Yesterday, my CFSI colleague, David Newville, was trying to persuade me that the payday industry should do what Barclay's new credit card, Barclaycard Ring, intends to do: offer its customers total transparency into the costs, profits and losses of its business and the opportunity to build the product themselves. Crowd sourced lending!
You can read about the Barclaycard here, here and here. Basically, they intend to share the profits with the customers, then let them decide what features to add and how to price the product. If the majority of users are want bigger profit sharing, the prices will be high. If they want lower costs, they'll "earn" less. It's a powerful idea.
In the realm of the underbanked, where credit issues are so controversial and all parties so ossified in their positions there is practically no real conversation - or change to the status quo. The "predatory" lenders are incredibly defensive at any suggestion they could do more for the welfare of their customers: "we serve a big need" is their (true) refrain. The consumer "advocates" are so blind with anger at the practices of the capitalists that they ignore the realities and consequences of the people they care so much about. As a result, nothing much happens: a rate cap pops up here; an offshore lender pops up there. Repeat.

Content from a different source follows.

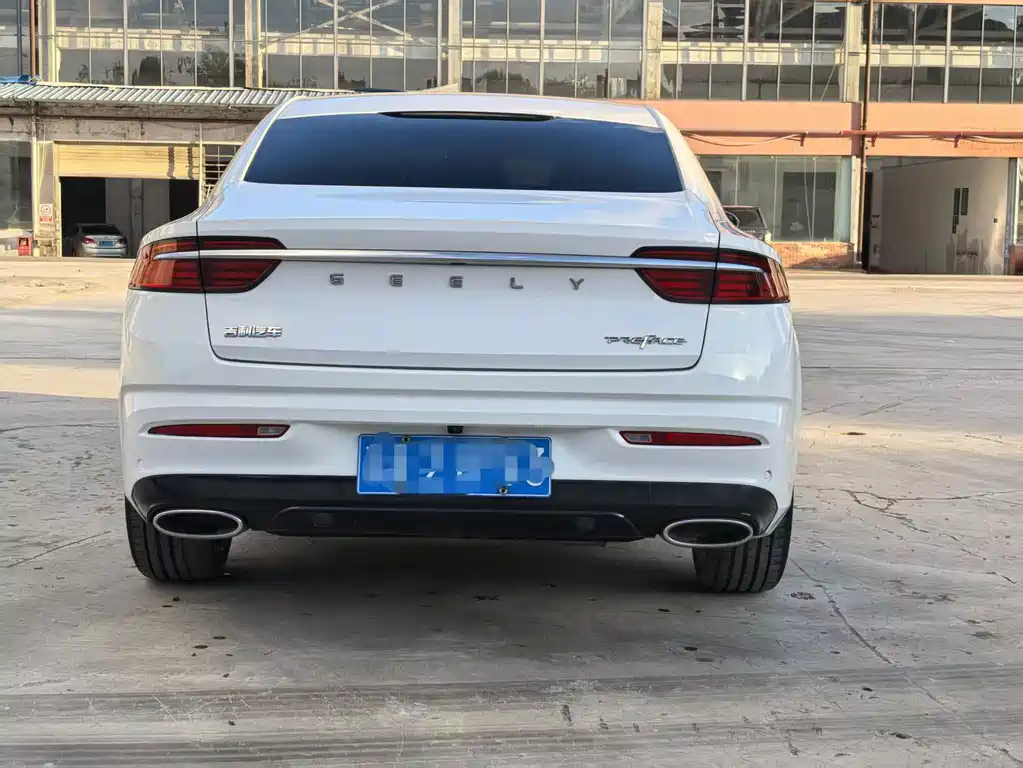 Geely Preface — фото 13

Could a way to unwind this be to give the advocates the information they need to price and structure a product that reaches fewer with lower cost, and force THEM to find a balance? The trouble otherwise, is that nothing is ever enough.
With credit democratizer Chris Larsen and responsible lending pioneer James Gutierrez both leaving their posts this week, perhaps they should start a Barclaycard Ring for the underbanked: crowd sourced short-term credit targeting the emerging consumer. Core wants to fund it!